■ **About this task**
Please retype the records below exactly as they appear, leaving out every picture.
◇ ◇ ◇ ◇ ◇
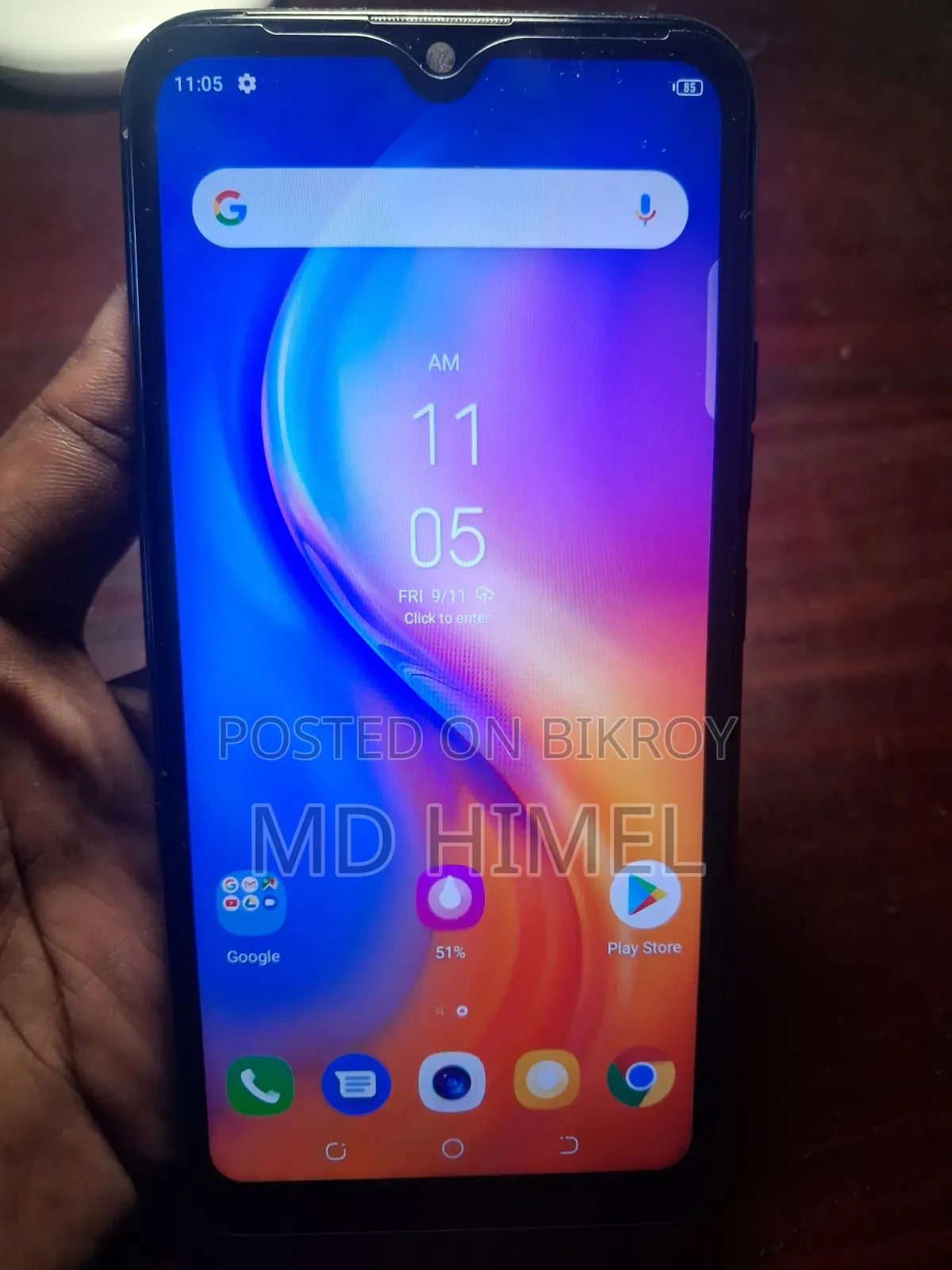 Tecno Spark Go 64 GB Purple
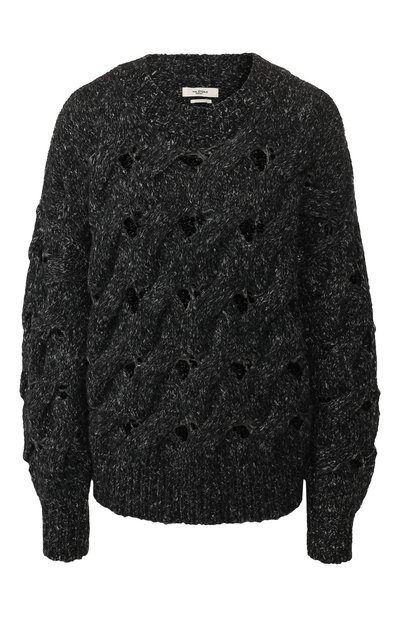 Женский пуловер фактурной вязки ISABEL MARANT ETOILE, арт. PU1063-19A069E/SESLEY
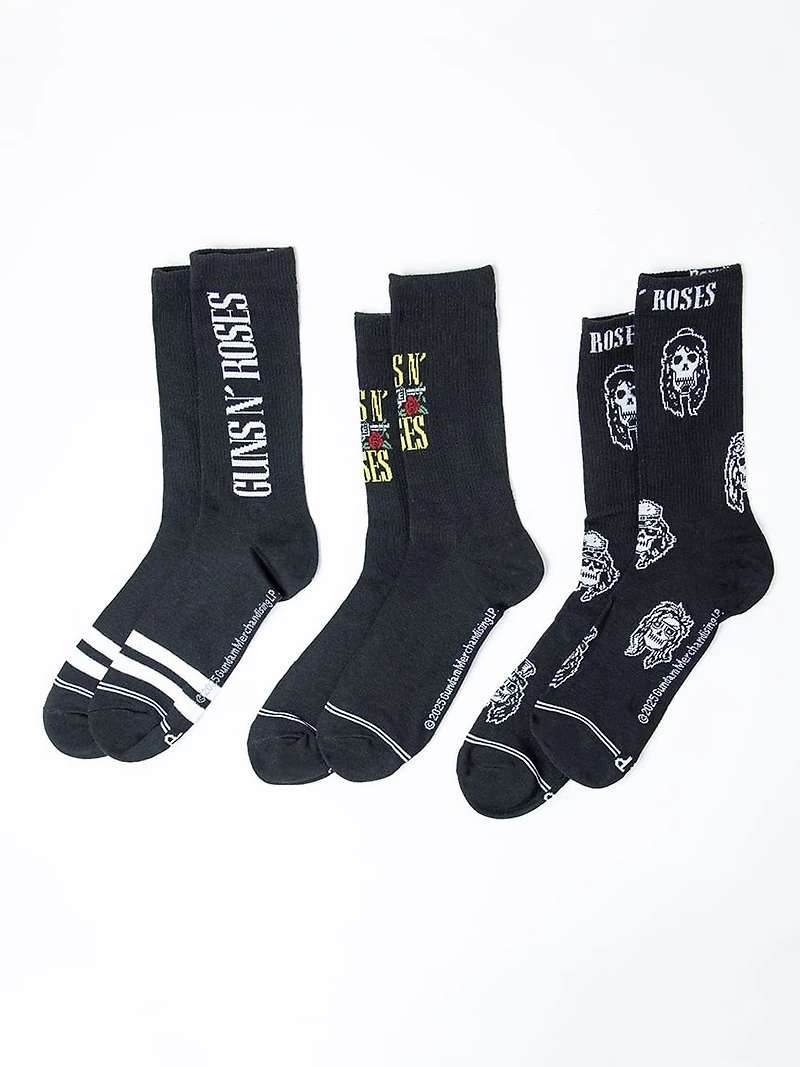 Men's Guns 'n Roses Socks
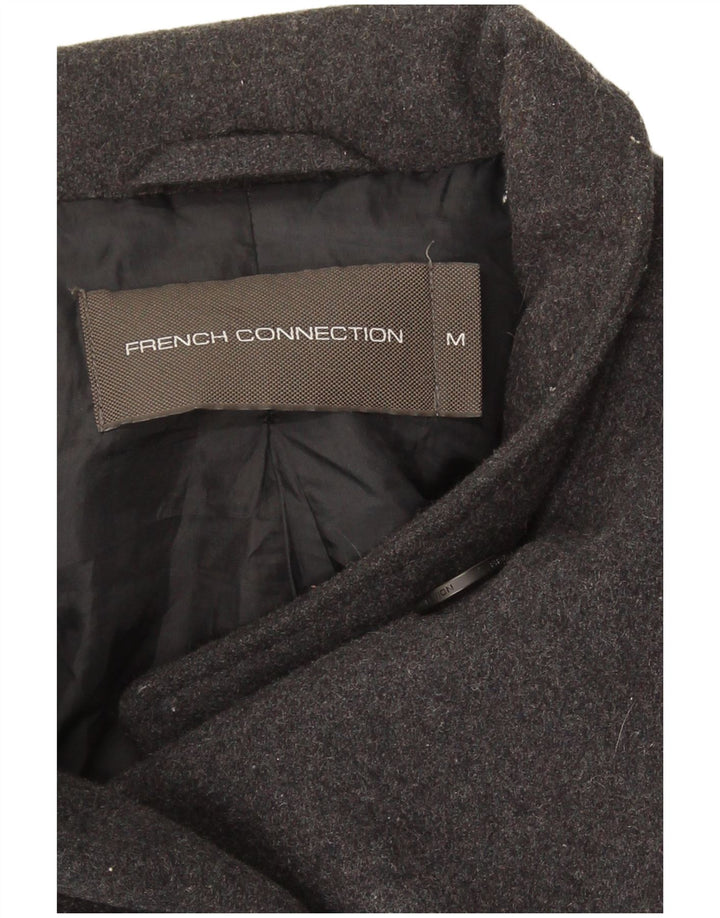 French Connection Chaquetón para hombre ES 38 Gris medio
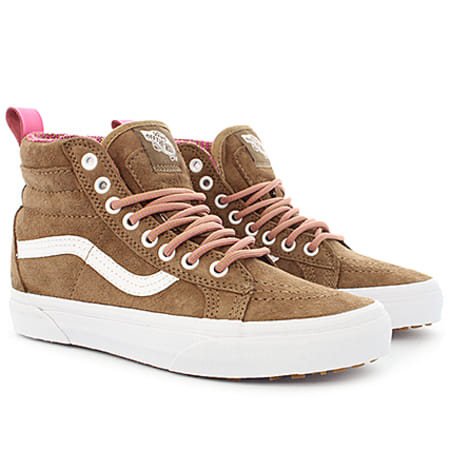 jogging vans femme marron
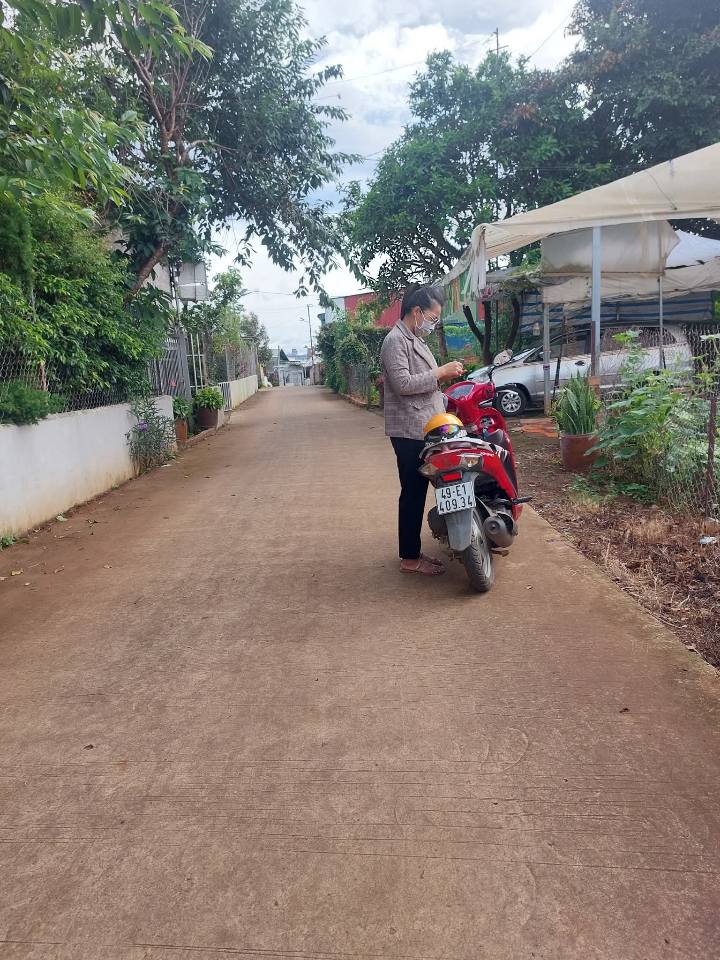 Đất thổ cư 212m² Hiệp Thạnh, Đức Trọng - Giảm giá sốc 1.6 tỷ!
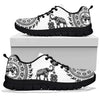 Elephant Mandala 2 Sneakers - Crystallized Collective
◇ ◇ ◇ ◇ ◇
■ **Written answer**
 Tecno Spark Go 64 GB Purple
 Женский пуловер фактурной вязки ISABEL MARANT ETOILE, арт. PU1063-19A069E/SESLEY
 Men's Guns 'n Roses Socks
 French Connection Chaquetón para hombre ES 38 Gris medio
 jogging vans femme marron
 Đất thổ cư 212m² Hiệp Thạnh, Đức Trọng - Giảm giá sốc 1.6 tỷ!
 Elephant Mandala 2 Sneakers - Crystallized Collective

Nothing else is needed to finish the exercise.